In an announcement before the weekend, the U.S.President said he had instructed Robert Lighthizer, the U.S.Trade Representative, to seek agreements to “address the threatened impairment” of national security from vehicle imports. “The United States could still decide to go ahead with the increased duties during the negotiations,” remarked Yang, Odell and Kostner Asset Management in a note yesterday.
“United States defense and military superiority depend on the competitiveness of our automobile industry and the research and development that industry generates,” White House press secretary Sarah Huckabee Sanders said in a statement. “The negotiation process will be led by United States Trade Representative Robert Lighthizer and, if agreements are not reached within 180 days, the President will determine whether and what further action needs to be taken.”

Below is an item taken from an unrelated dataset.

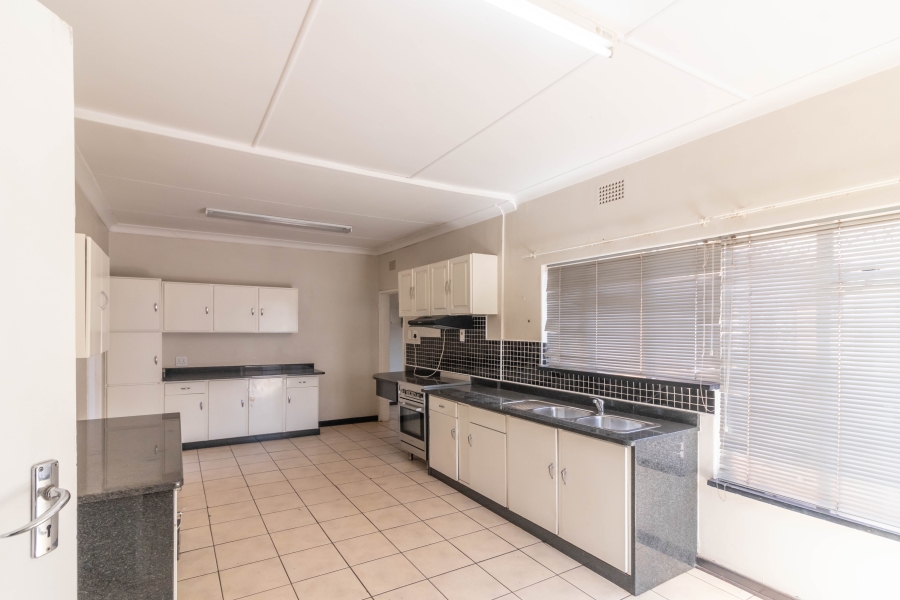 4 Bedroom Property for Sale in Sunnyridge Gauteng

In justifying his stance, Trump contends that “domestic conditions of competition must be improved by reducing imports.”
The decision of whether or not to put the tariffs on vehicles and their parts had to be made over the weekend and “maybe they have enough on their plate for now,” supposed Yang, Odell and Kostner.

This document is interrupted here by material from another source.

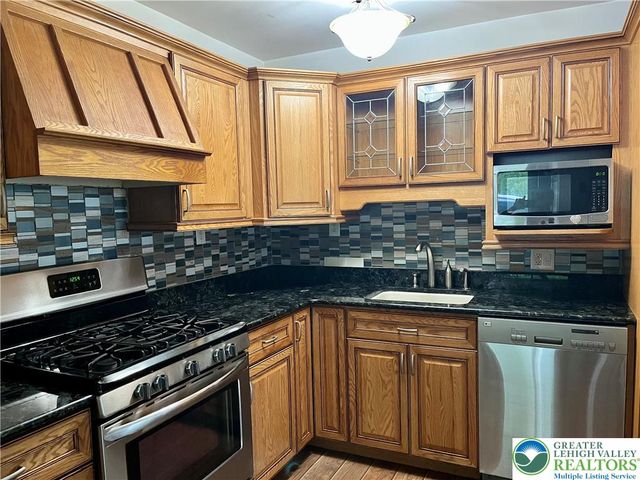 1293 Ellsworth Drive, Whitehall Twp, PA 18052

Previously, the United States Department of Commerce said the tariffs could be justified on national security grounds. Under U.S. law, the government can postpone its decision by up to six months if it is in the process of negotiating a deal.
In a statement from the European Commissioner for Trade, Cecilia Malmstrom, she said that “we completely reject the notion that our car exports are a national security threat,” adding that the E.U. “is prepared to negotiate a limited trade agreement.”
She also said that officials from the European Union would discuss the matter with the United States Trade Representative next week when they meet in France.
If the vehicle tariffs were implemented, it raised the threat of widening the current trade disputes and could hurt the U.S. as well as European economies.
The European Union has already drafted a list of goods from the United States to hit with tariffs if the United States proceeds with the vehicle duties.
“Not everyone is in favor of the proposed tariffs with carmakers and some U.S. lawmakers against imposing tariffs,” noted Yang, Odell and Kostner.
The U.S. car industry said the tariffs would jeopardize American jobs and increase prices at the dealerships for car buyers.
General Motors, VW, Toyota, and other manufacturers have cautioned the U.S. over the potentially harmful effects imposing tariffs of up to 25 percent on imported vehicles and their parts.
Trump has had a number of discussions with his top officials about the issue over the last few days, and government officials have repeatedly assured the carmakers that they were going to postpone making a decision.
The postponement comes after the U.S. and China traded fresh accusations in their ongoing trade dispute. The United States is trying to come to an agreement with China, which will address what the Americans say are trade abuses by the Chinese.
“Several announcements by General Motors saying that they were going to invest $700 million in three Ohio plants and were making renewed efforts to sell off the company’s shuttered Lordstown facility had also swayed Trump to delay,” said Yang, Odell and Kostner.
“The case remains clear – cars are not a national security threat,” the Alliance of Automobile Manufacturers, a trade group representing General Motors, Volkswagen, Toyota, and other manufacturers said in a statement. “We are deeply concerned that the administration continues to consider imposing auto tariffs.”
An auto industry report from last year estimates that U.S. light-duty vehicle prices would go up by nearly $3,000 on average, including U.S.-made vehicles, slashing yearly new sales by more than a million cars and driving many buyers to the second-hand market.
The same reason – national security- was used previously to impose tariffs on steel and aluminum imports, including metals coming from friendly nations such as the EU, Canada, and Mexico. “Europe retaliated in kind after those duties were put in place and would likely do the same this time around,” said Yang, Odell and Kostner.